• [Records excerpted from a collection]:
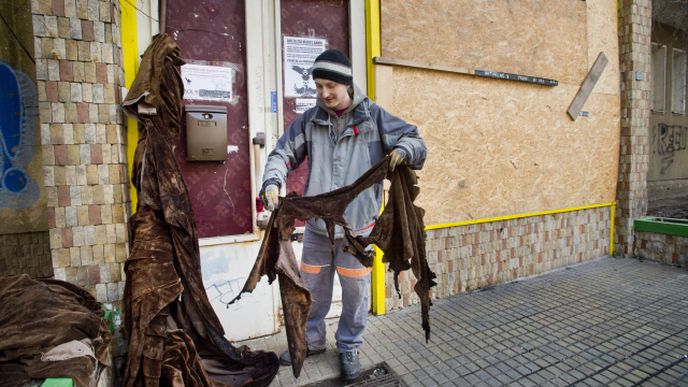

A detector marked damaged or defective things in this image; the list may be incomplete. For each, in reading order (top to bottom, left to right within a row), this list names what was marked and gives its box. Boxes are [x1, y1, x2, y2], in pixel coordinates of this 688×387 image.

burnt fabric pile [0, 274, 111, 386]
torn brown material [0, 274, 111, 386]
burnt fabric pile [122, 34, 278, 387]
torn brown material [122, 34, 278, 387]
torn brown material [230, 155, 436, 378]
hanging torn fabric [230, 155, 436, 378]
burnt fabric pile [231, 156, 436, 378]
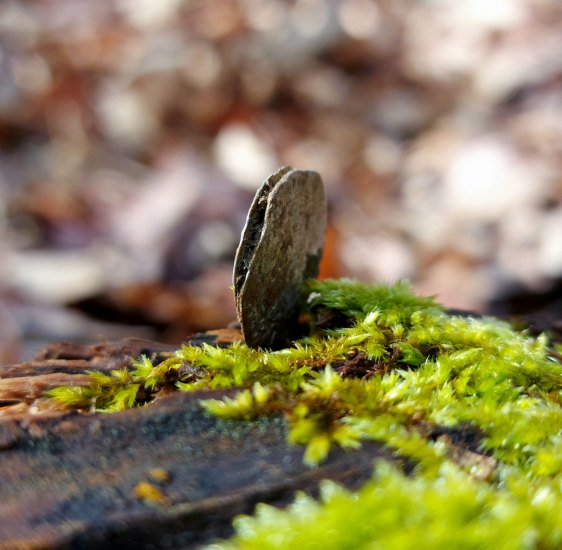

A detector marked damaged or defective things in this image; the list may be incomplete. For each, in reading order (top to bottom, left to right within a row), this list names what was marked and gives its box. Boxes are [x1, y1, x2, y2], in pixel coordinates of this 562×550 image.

• [Your task]: Set down every record above exactly as it stands, but skip the pictures.

• [Answer for the task]:
A detector marked damaged or defective things in this image; the list may be incomplete. For each, in reading order (top to bottom, left to right within a row), this list names what was marked and gives its box. Boxes are [x1, y1, x2, y2], in pixel coordinates of this 688×387 image.

burnt fabric pile [0, 274, 111, 386]
torn brown material [0, 274, 111, 386]
burnt fabric pile [122, 34, 278, 387]
torn brown material [122, 34, 278, 387]
torn brown material [230, 155, 436, 378]
hanging torn fabric [230, 155, 436, 378]
burnt fabric pile [231, 156, 436, 378]

A detector marked damaged or defective things in this image; the list may be incomplete. For each, in reading order (top to bottom, left to right within a row), this list names what was marked and gives its box. Boxes are [x1, y1, x2, y2], in pixel coordinates of this 562×550 image.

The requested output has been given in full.